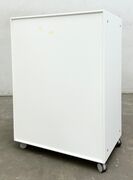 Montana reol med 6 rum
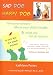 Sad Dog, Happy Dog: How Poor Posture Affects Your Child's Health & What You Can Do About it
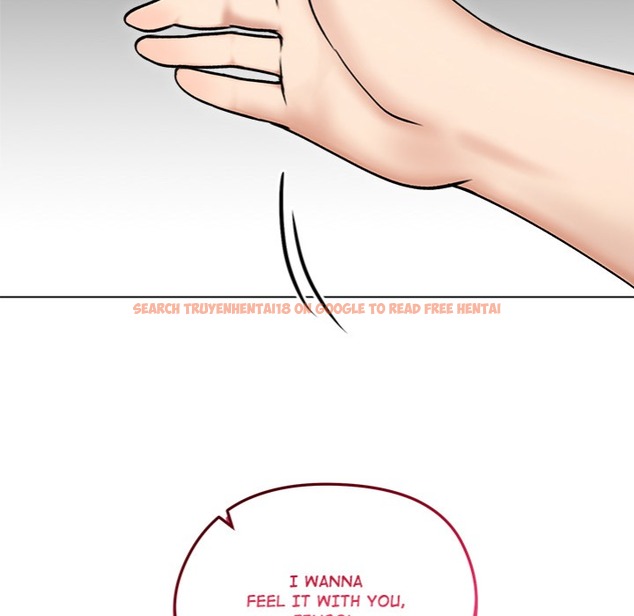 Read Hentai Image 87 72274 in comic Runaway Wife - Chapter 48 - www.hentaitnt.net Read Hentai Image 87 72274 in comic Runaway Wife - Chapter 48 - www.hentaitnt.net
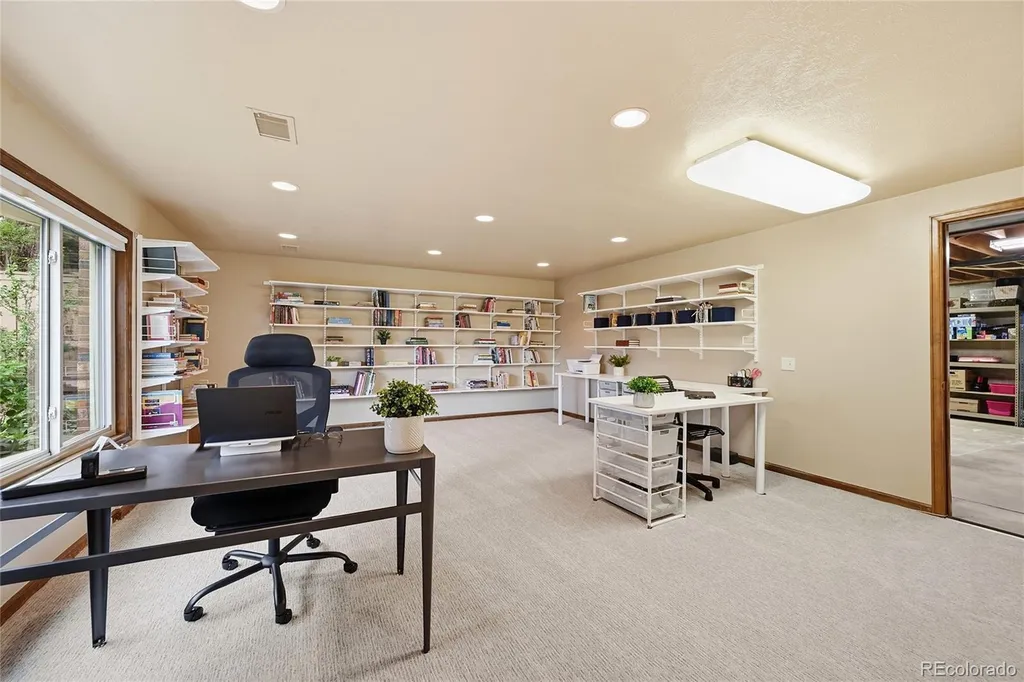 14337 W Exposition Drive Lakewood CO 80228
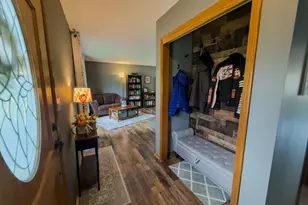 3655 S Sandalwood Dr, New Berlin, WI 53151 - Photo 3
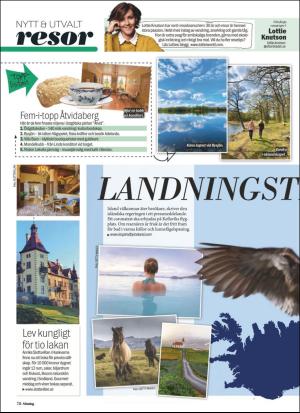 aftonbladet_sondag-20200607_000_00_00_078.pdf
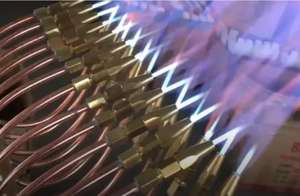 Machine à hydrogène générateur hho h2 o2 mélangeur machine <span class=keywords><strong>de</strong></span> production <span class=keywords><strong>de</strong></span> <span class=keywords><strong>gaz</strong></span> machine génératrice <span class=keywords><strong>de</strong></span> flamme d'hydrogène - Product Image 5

══════════

[Task details] Write out nothing but the lines from the start of the data through the line with "aftonbladet_sondag-20200607_000_00_00_078.pdf". Leave out the pictures.

[Answer below]
 Montana reol med 6 rum
 Sad Dog, Happy Dog: How Poor Posture Affects Your Child's Health & What You Can Do About it
 Read Hentai Image 87 72274 in comic Runaway Wife - Chapter 48 - www.hentaitnt.net Read Hentai Image 87 72274 in comic Runaway Wife - Chapter 48 - www.hentaitnt.net
 14337 W Exposition Drive Lakewood CO 80228
 3655 S Sandalwood Dr, New Berlin, WI 53151 - Photo 3
 aftonbladet_sondag-20200607_000_00_00_078.pdf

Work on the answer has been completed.